Dr Seth said that if India can help the entire country vote in a matter of days, it surely can vaccinate people in a few weeks. All it needs is a commission like the Election Commission of India (ECI). "If we can make 70 per cent of the population vote in a period of a few days, it takes less time to get vaccinated as compared to voting, there's less screening, there's no police protection needed and we can have a vaccination centre 500 metres from our home. If we have the 200 crore doses from August then there is no reason why we cannot vaccinate. Why can't we have a COVID Vaccination Commission of India just like the ECI? A one-stop-shop that gets the vaccines from anywhere in the world, decides the cost and figures out the logistics. it's not such a big deal," he said

But that's the future. Till now, COVID has been a traumatic experience for the doctors and the helplessness has been eating them inside, said the senior cardiologist. He said that there are two aspects to what the doctors have experienced. They had to keep up the demeanour to provide the patients and their relatives with hope and courage and also to encourage their juniors, while inside they were dejected. "I think the viciousness of the disease, the surge, its infectivity and the helplessness was an extremely disappointing, rejecting, traumatic and horrifying experience for every doctor. We were fighting it aggressively for the past year and giving it our all but there was no disappointment till the last two months, when we saw people succumbing to it for lack of facilities. There were areas where we wanted to give more, do more but were helpless. That was far more traumatic morally and psychologically than anything we have experienced before. It was alien. We were not trained not to be able to help people. We were like an army without any ammunition and we saw our near and dear ones dying," he added.


This last year has seen a lot of scientific marvels — from vaccines that came out very fast to regular innovations. But even though humankind has prospered when it comes to scientific advancements, a sub-microscopic virus could disrupt everything that has been built over the past centuries and this teaches us that science alone won't cut it, said Dr Seth. "It actually made a lot of people spiritual. That's how we should have lived our lives. We should have been more spiritual rather than believing that science itself had become God. We have to combine science with spirituality, with humility and fragility of our own being and our own living. But we had forgotten all that and combined science with haughtiness and how great human beings are. We need to coexist, first with ourselves and then with everything that we see around us," he added.

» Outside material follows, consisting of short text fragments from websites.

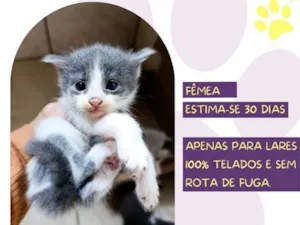Gato raça SRD-ViraLata idade Abaixo de 2 meses nome Terra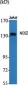 NOS2 Polyclonal Antibody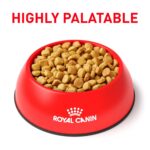 Alimento Seco Royal Canin Veterinary Diet Hydrolyzed Protein Moderate Calorie Modelo 476424 para Perros Adultos Bolsa 24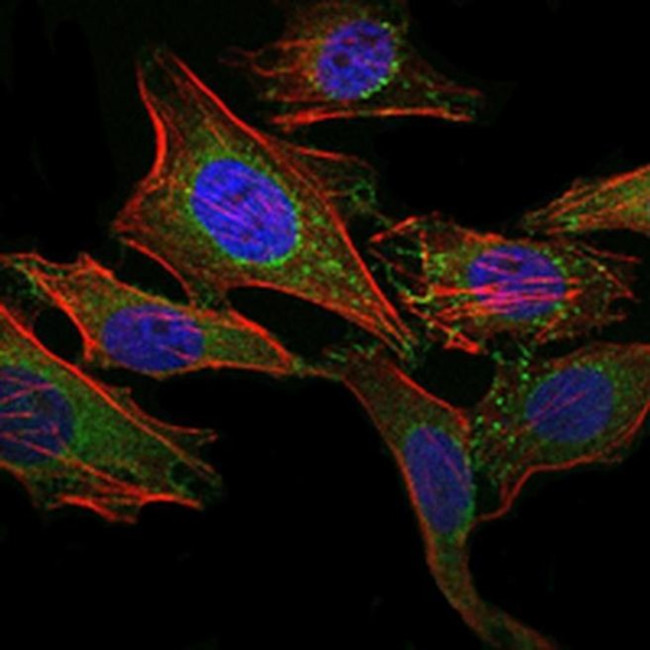 CD338 (ABCG2) Antibody in Immunocytochemistry (ICC/IF)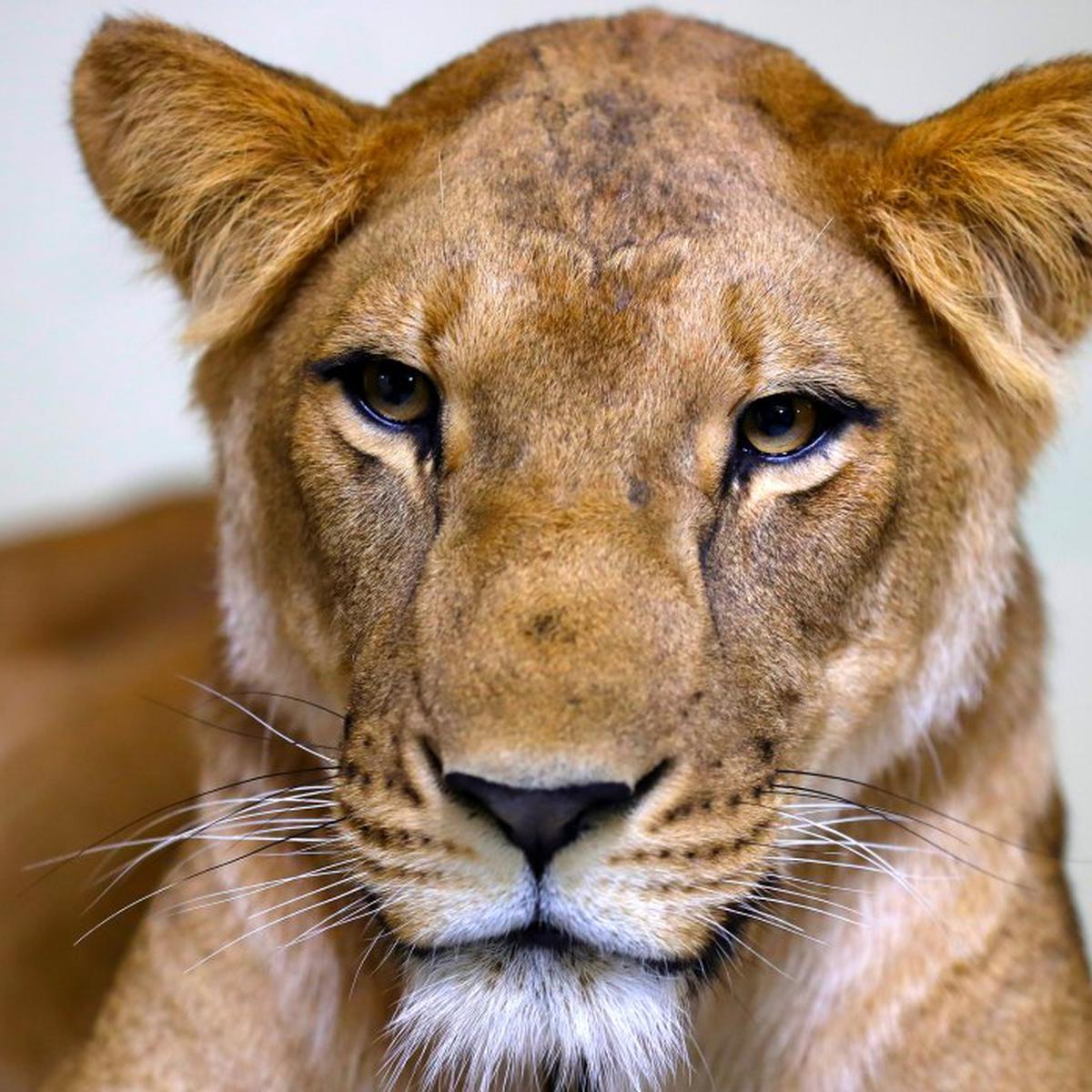 Coronavirus en Egipto: Domadores de leones ofrecen espectáculos desde el  salón de su casa en El Cairo | FOTOS | VIDEO NNDC | MUNDO | EL COMERCIO PERÚ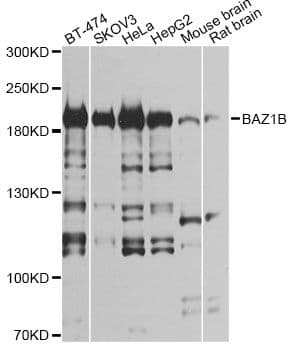 BAZ1B / WSTF Antibody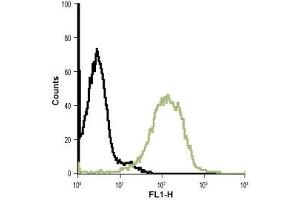 Cell surface detection of Bestrophin-1 in live intact Jurkat (human T cell leukemia) cell line: (black line) Control cells + goat-anti-rabbit-FITC.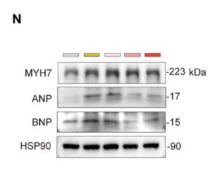 NPPA Antibody - Figure 5.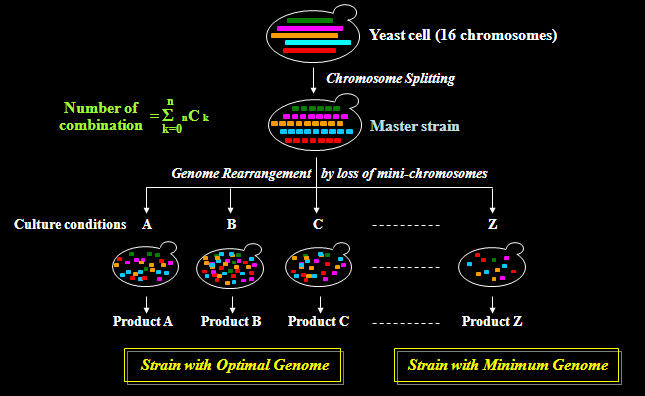 Optimal genome construction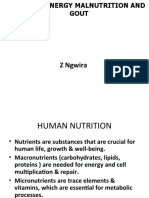 Protein Energy Malnutrition and Gout Med4 2023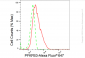 KD-Validated Anti-PFKFB3 Rabbit Monoclonal Antibody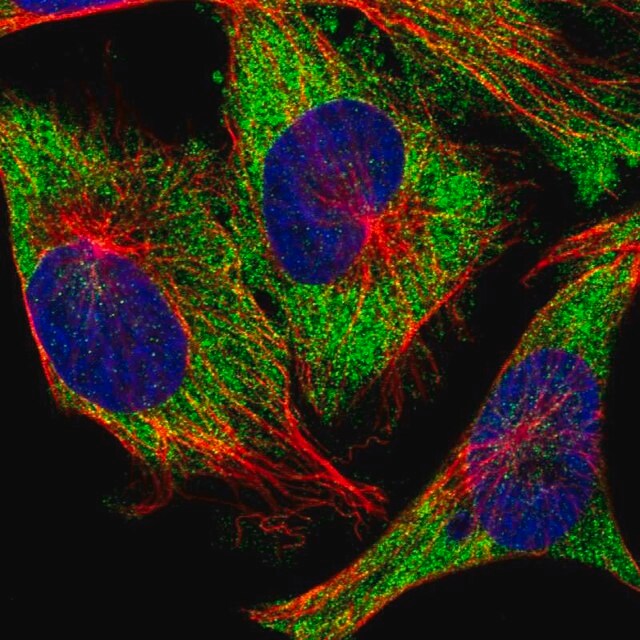 Anti-ATXN2 antibody produced in rabbit Prestige Antibodies® Powered by ...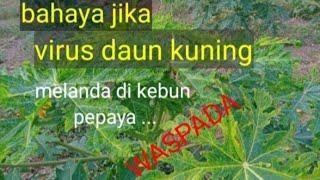 bahayanya virus daun kuning pada pepaya calina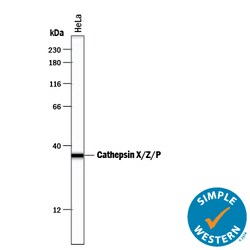 Human/Mouse/Rat Cathepsin X/Z/P Antibody, R D Systems 100&mu;g; Unlabeled:Antibodies,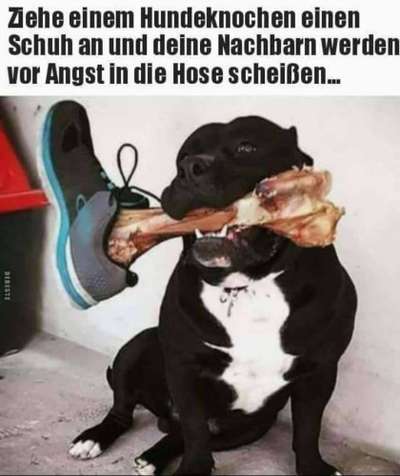Hund vom Veterinäramt weggenommen-Beitrag-Bild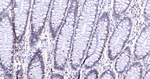 Lamin B1 Antibody in Immunohistochemistry (Paraffin) (IHC (P))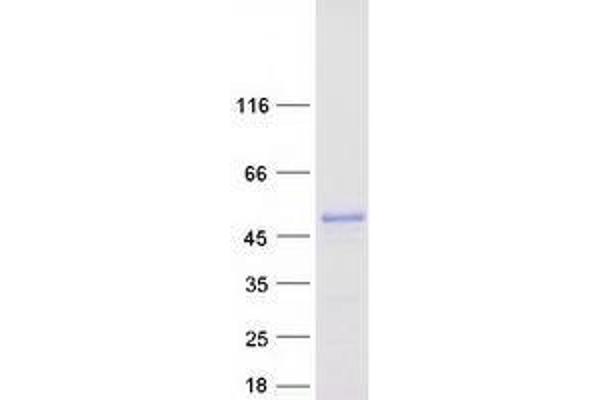 WDR55 Protein (Myc-DYKDDDDK Tag)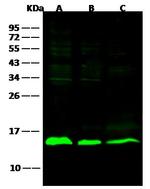 Galectin 1 Recombinant Rabbit Monoclonal Antibody (001)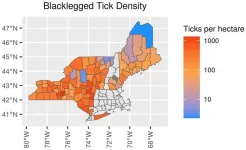 In the Northeast, 50% of adult ticks carry Lyme disease carrying bacteria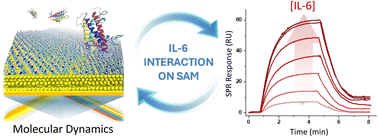 Graphical abstract: Protein–surface interactions in nano-scale biosensors for IL-6 detection using functional monolayers
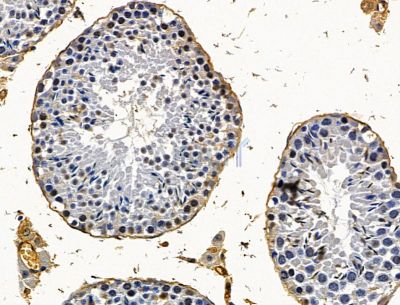 MFSD7 Antibody - DF15213 at 1/100 staining mouse testis tissue by IHC-P.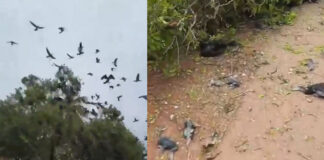 tree fell down to widen road and destroys heron nest video viral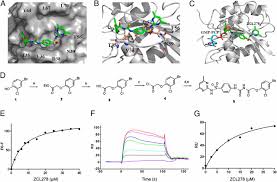 Two monoclonal antibodies to actin: Small Molecule Targeting Cdc42 Intersectin Interaction Disrupts Golgi Organization And Suppresses Cell Motility Pnas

Talking about frontline health workers, Dr Seth said that while they are slogging 12-hour shifts in a PPE in this heat, they do not get enough respect. While the leaders, time and again appreciate them and then the public bangs thalis in respect, they use the same sticks as weapons when the doctors fail to save a life. "There was no oxygen, which was not their fault, there were no beds, they still saved two more lives... fewer beds, fewer drugs and yet the ones who got beaten up are doctors or nurses," he added. Dr Seth suggested that more than anything else we need to boost the morale of the healthcare workers to battle the third wave. "We may need beds, oxygen and infrastructure but do you know what we need the most? The morale of the doctors and nurses. If you can build up the morale then you have provided the infrastructure that you need to fight the third wave," he said.

One more thing we need to do in India is to forget petty politics and work together to beat the virus, said Dr Seth. "And this goes for all — political parties, States and the Centre, private and public enterprises. We are at war and we have one enemy and all of us are in this together," he added and said that once we deal with this, we have a few things to keep in mind, "COVID appropriate behaviour has to stay for the next couple of years and let's just believe that that's the way we live. Secondly, we need to vaccinate."